■ What needs to be done: Can you set down, exactly as they appear below, the lines from the opening of the material through the one bearing "PA license plate KPZ0601", minus the pictures?

■ Records to process:
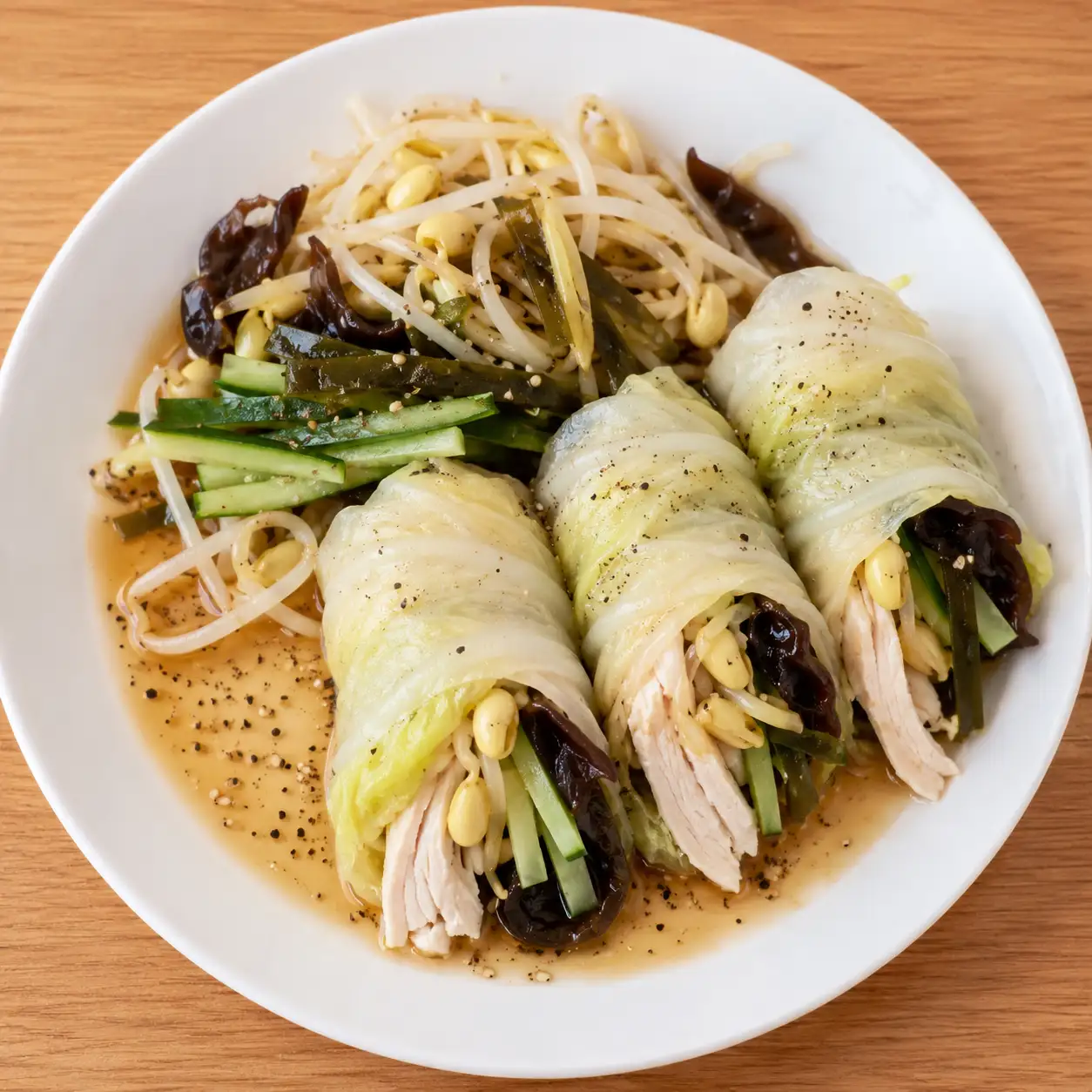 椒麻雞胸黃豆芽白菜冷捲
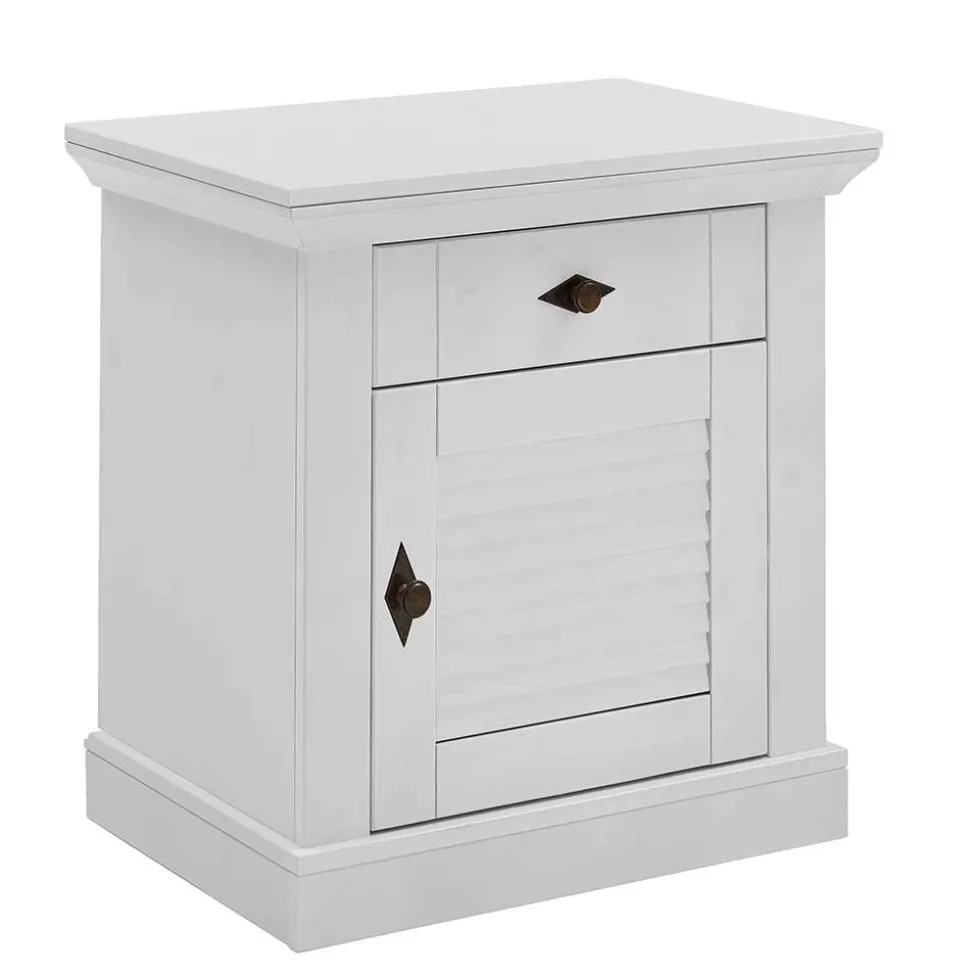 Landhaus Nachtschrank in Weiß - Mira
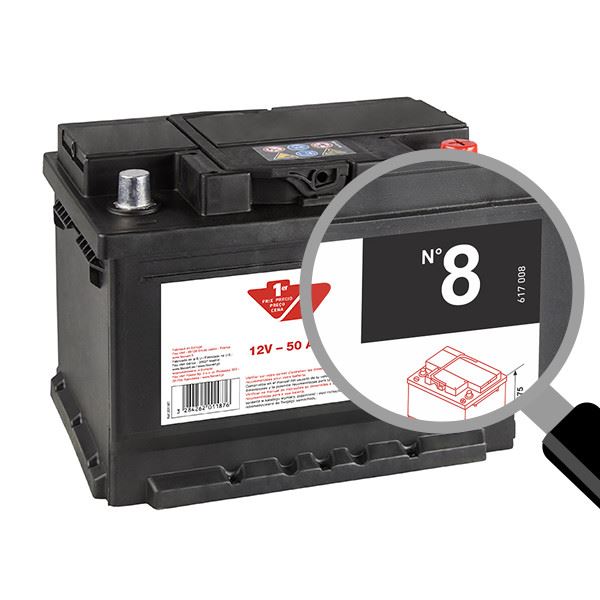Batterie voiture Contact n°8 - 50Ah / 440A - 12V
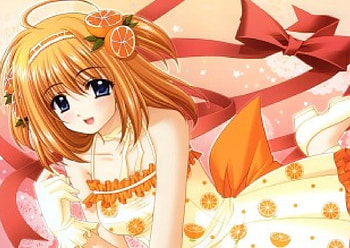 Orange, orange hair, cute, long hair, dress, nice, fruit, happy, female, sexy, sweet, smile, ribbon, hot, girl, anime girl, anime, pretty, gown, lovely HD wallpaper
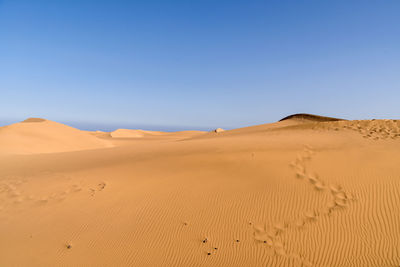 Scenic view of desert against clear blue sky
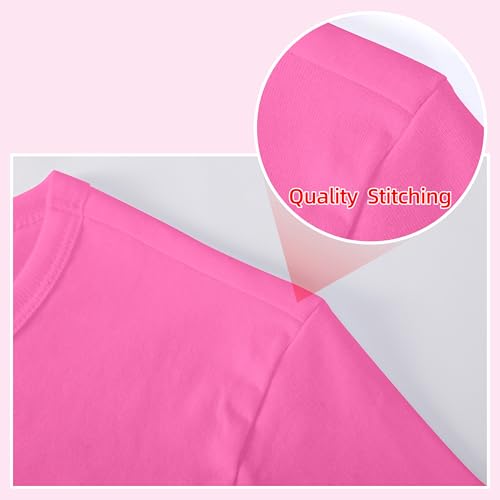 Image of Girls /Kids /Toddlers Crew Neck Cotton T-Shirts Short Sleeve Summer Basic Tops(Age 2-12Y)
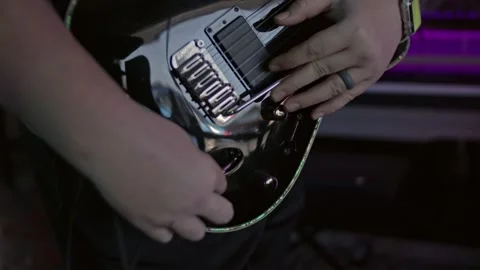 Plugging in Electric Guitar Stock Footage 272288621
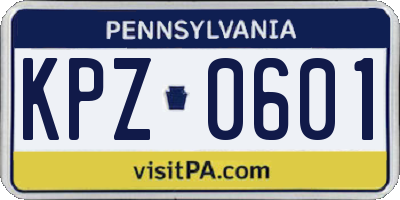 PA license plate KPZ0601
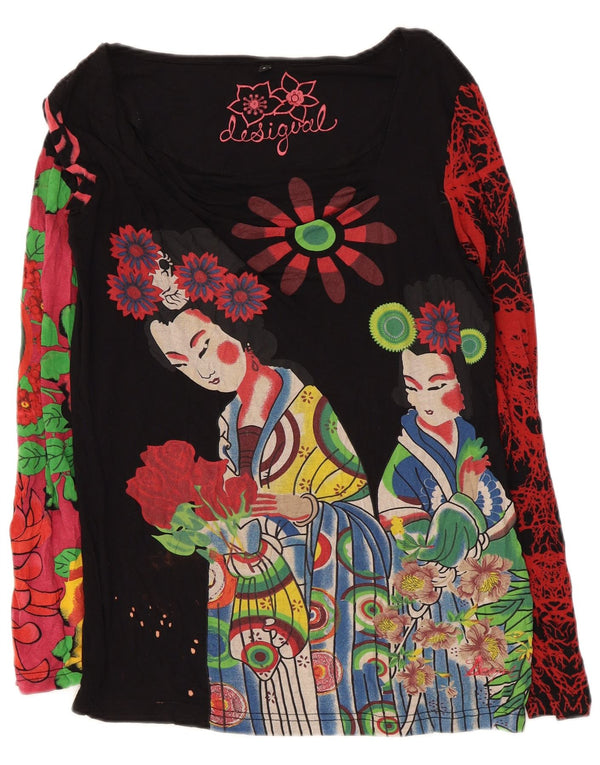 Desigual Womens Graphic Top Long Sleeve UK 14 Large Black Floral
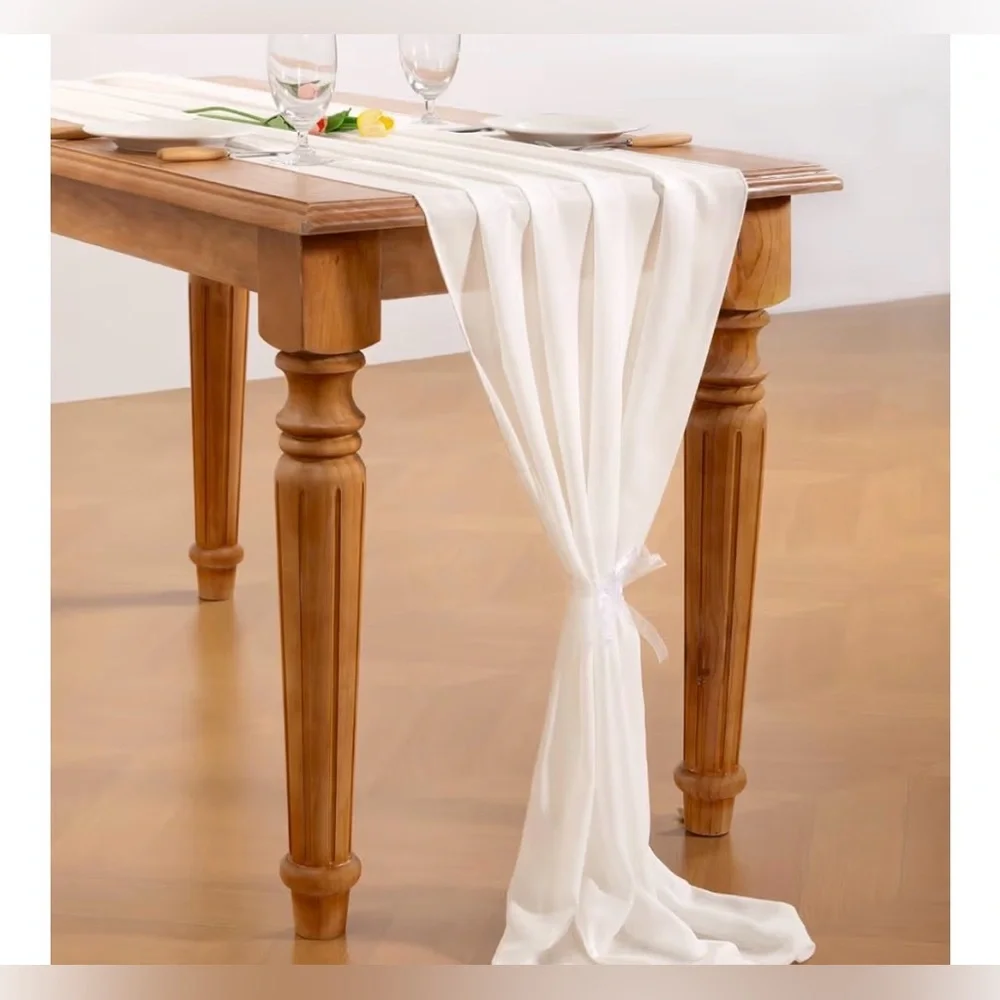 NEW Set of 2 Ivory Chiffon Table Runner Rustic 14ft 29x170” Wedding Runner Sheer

■ Exercise output:
 椒麻雞胸黃豆芽白菜冷捲
 Landhaus Nachtschrank in Weiß - Mira
Batterie voiture Contact n°8 - 50Ah / 440A - 12V
 Orange, orange hair, cute, long hair, dress, nice, fruit, happy, female, sexy, sweet, smile, ribbon, hot, girl, anime girl, anime, pretty, gown, lovely HD wallpaper
 Scenic view of desert against clear blue sky
 Image of Girls /Kids /Toddlers Crew Neck Cotton T-Shirts Short Sleeve Summer Basic Tops(Age 2-12Y)
 Plugging in Electric Guitar Stock Footage 272288621
 PA license plate KPZ0601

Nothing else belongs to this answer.